The excessive pressure exerted on the anterior teeth can lead to premature or increased wear and tear. This uneven distribution of force may result in chipped enamel, fractures, or a general breakdown of the front teeth over time. Additionally, the jaw may attempt to shift or posture itself to find a more comfortable or functional position, which can strain the temporomandibular joints (TMJ) and surrounding muscles.
This chronic strain on the jaw system can manifest as discomfort, pain, or frequent tension headaches. An uncorrected posterior open bite also compromises the long-term stability of the overall occlusion. The lack of posterior support can also affect speech articulation, sometimes causing difficulties with certain sounds or a slight lisp.
Treatment Pathways for Correction
The pathway for correcting a posterior open bite depends entirely on an accurate diagnosis of the underlying cause. For cases rooted in habitual issues, such as tongue thrusting or prolonged sucking, habit modification is the initial focus. This often involves the use of specialized myofunctional appliances designed to retrain the tongue and oral muscles to promote a correct swallowing pattern.
Orthodontic solutions are frequently employed to physically move the teeth into proper alignment.

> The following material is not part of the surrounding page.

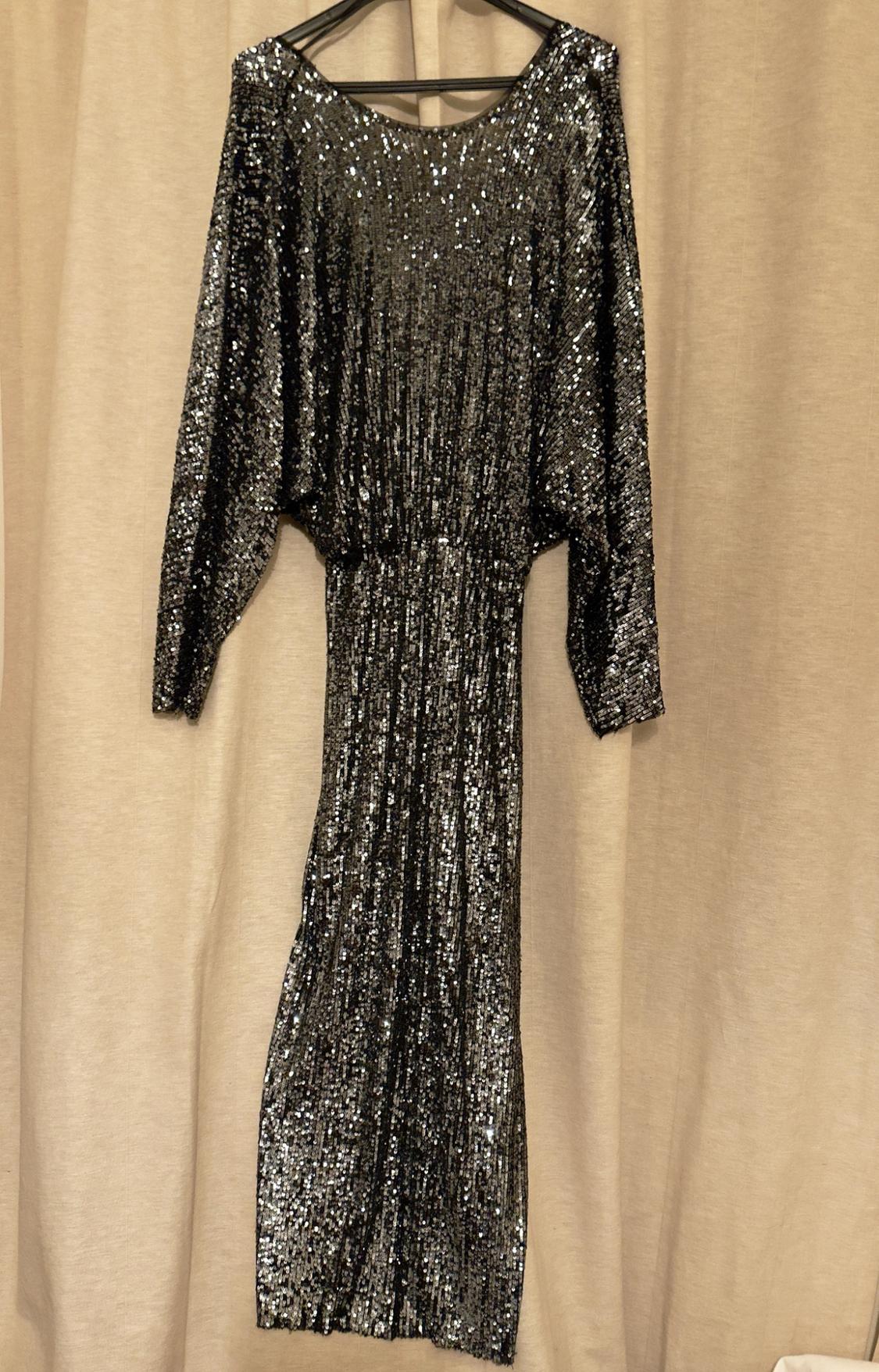 BACKLESS SEQUINNED DRESS - Image 2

Traditional metal or ceramic braces are highly effective, applying constant, controlled forces to extrude (move down/up) the teeth into occlusion. Clear aligners are also utilized, often requiring the strategic use of attachments and elastic bands to generate the necessary vertical movement.

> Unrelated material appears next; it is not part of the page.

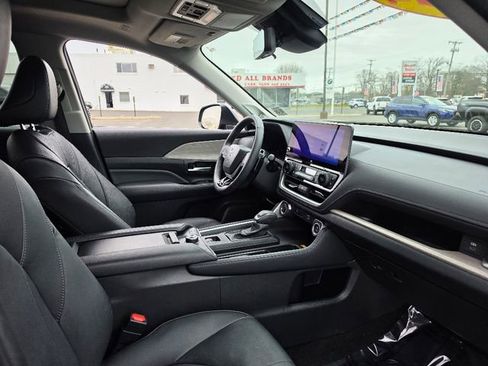 Used 2024 Toyota Grand Highlander Platinum AWD/4WD image 11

In cases where the misalignment is due to a severe skeletal discrepancy, orthognathic surgery (jaw surgery) may be the necessary intervention. This procedure is typically reserved for adult patients after their growth has been completed, as it involves surgically repositioning the jaw bones to achieve a proper functional bite. For minor vertical discrepancies, treatments like selective removal of aligner material or the application of composite build-ups can be used to facilitate the natural settling of the teeth into contact.